2 December 2025
Flag of Poland (photo credit: David_Peterson via pixabay)
On November 25, 2025, the Polish Constitutional Tribunal issued a judgment (P 7/23) in which it answered the following legal question:
whether Article 48 § 1 point 1 of the Act of 17 November 1964 – Code of Civil Procedure (Official Journal of 2021, item 1805, as amended) “understood as meaning that the circumstance of a judge’s appointment by the President of the Republic of Poland, upon a motion of the National Council of the Judiciary, to hold office constitutes a ground for the judge’s disqualification by operation of law,” is consistent with Article 179 in conjunction with Article 144(3)(17) and Article 190(1) of the Constitution.

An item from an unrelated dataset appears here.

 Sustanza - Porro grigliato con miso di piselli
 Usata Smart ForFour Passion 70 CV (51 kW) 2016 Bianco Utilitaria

In essence, the question concerned whether a court may rely on the provisions of the Code of Civil Procedure concerning the disqualification of a judge by operation of law to disqualify a judge solely and exclusively on the ground that the judge was appointed by the President of the Republic of Poland on the basis of a motion by the National Council of the Judiciary (KRS), elected under the rules in force since 2018 (that is, one whose members chosen from among judges, as referred to in Article 187(1)(2) of the Constitution, were elected by the Sejm).
Let us recall here that the change in the method of electing KRS members was one of the main fault lines in the conflict between the then-opposition, which now governs as part of a broad left-liberal coalition led by Prime Minister Donald Tusk, and the then-parliamentary majority led by Law and Justice (PiS).